M.Fitzsimmons / Wikimedia Commons

Seaside has become familiar enough to be taken for granted. Whether as the over-revered epicenter of New Urbanists, or the target of superficial criticism for their opposition, most of us like to think we know enough about this Florida new town to make an opinion. And while we do, here comes a book that tells its story like we’ve never heard it before.

The 608-page anthology Visions of Seaside, created by Dhiru Thadani with more than 75 contributors, could only have come from someone as intimately familiar with Seaside’s past and present, as acutely aware of its contentious perception within the larger profession today as the author. Thadani, a recognized New Urbanist, and creator of another lengthy recent volume–The Language of Towns and Cities: A Visual Dictionary–has followed the Seaside story from the very beginning: As a faculty member at the Catholic University of America, he was the first to have directed his students to make a hypothetical fully-built model of the town, long before the world knew of Seaside or New Urbanism. This was the beginning of an enduring two-decade-long scholarly obsession with this place–and this is what enables him to offer a refreshing and savvy presentation of a well-worn premise.

But my opinions of Seaside, New Urbanism or Thadani aside, the reason I like this volume is because it presents its subject on its own terms–without competing with anyone, without being preachy, without exaggerating that Seaside is the greatest thing to have happened on earth and without wasting time considering whether or not Seaside is a real town. I like this book because it simply takes what is factual about Seaside, and unapologetically celebrates it. This is a book that reminds us that Seaside was not born through the wave of a magic wand, but through an ordinary, imperfect, iterative process that kept adapting along the way. That it made numerous compromises just like any other development, even as it continued to aspire to the highest ideals of real-estate, design and community. That this enlightened vision has had many more authors than Robert Davis, Andres Duany and Elizabeth Plater-Zyberk. That seen through the educational and intellectual efforts of the Seaside Institute and the Seaside Prize it is today a lot more than a town. That it is, in fact, a phenomenon in flux, whose identity is continually emerging through plural visions and ideas all framed by a bigger noble agenda.

Seaside Before and After (aerial photo by Alex MacLean)

Aerial View of the central square (photo by Jack Gardner)

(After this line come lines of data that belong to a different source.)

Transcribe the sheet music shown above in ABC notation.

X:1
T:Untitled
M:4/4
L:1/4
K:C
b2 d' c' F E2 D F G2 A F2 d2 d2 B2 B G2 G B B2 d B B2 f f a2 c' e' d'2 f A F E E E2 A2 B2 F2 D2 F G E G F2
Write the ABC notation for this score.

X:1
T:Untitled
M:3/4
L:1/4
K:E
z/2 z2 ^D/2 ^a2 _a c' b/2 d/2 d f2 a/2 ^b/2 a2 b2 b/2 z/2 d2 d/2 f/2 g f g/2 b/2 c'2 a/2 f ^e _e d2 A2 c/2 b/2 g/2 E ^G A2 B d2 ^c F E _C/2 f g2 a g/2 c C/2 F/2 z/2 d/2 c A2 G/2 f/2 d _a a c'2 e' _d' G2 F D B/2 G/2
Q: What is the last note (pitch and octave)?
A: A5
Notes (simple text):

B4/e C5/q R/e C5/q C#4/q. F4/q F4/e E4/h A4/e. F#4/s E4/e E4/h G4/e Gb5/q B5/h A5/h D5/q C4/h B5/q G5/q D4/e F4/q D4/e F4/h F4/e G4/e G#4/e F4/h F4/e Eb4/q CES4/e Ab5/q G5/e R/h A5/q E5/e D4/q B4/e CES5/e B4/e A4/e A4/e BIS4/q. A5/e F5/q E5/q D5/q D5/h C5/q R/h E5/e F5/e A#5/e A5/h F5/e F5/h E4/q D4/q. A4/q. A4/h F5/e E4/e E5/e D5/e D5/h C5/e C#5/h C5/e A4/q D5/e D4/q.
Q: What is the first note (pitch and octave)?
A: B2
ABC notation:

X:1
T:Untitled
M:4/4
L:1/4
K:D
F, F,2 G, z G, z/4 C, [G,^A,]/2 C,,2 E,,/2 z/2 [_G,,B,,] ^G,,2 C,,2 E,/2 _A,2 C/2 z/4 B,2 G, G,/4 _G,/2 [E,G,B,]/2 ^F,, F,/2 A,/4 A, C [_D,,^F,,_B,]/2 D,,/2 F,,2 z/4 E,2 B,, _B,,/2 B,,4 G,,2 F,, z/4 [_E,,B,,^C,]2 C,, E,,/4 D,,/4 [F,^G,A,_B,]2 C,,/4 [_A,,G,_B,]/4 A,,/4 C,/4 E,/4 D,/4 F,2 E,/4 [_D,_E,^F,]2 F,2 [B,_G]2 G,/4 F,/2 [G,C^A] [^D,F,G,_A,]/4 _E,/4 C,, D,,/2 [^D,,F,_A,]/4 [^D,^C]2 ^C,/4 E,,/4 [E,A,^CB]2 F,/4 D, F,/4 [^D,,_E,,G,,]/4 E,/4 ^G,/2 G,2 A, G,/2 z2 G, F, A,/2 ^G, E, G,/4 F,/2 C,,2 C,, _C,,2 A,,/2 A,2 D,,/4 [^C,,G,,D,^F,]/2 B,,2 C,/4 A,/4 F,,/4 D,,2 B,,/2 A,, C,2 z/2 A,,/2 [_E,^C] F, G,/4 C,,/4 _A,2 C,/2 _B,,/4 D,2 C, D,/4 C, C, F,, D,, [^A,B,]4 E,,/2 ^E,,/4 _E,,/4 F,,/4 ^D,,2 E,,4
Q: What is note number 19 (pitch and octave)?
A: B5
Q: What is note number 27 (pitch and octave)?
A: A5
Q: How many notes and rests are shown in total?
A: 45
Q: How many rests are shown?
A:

“The Complete Seaside” as I like to call this book more casually, has an expansive five-part structure: Foundation opens up with 19 insightful essays by numerous individuals who have known this place intimately in various capacities, be it Robert Cambell’s “Personal Thoughts About Seaside,” Isaac Stein’s “Growing Up in Seaside,” Robert A.M. Stern’s larger contextualization of Seaside as an exemplary “Invented Town,” or Andres Duany’s “Ground Zero of New Urbanism” that candidly summarizes the movement’s contemporary condition in a manner only he can. For me the most interesting aspects of this section, however, are its less-known quips and anecdotes–who knew that a young Duany caught the attention of Robert Davis, when Peter Eisenman during a public lecture retorted this former architecture student in response to a provocative question? Who knew that Rem Koolhas in 1984 had not failed to notice Seaside as “a time-bomb among us?” Or that it was Leon Krier who solidified the change in design direction Seaside would take?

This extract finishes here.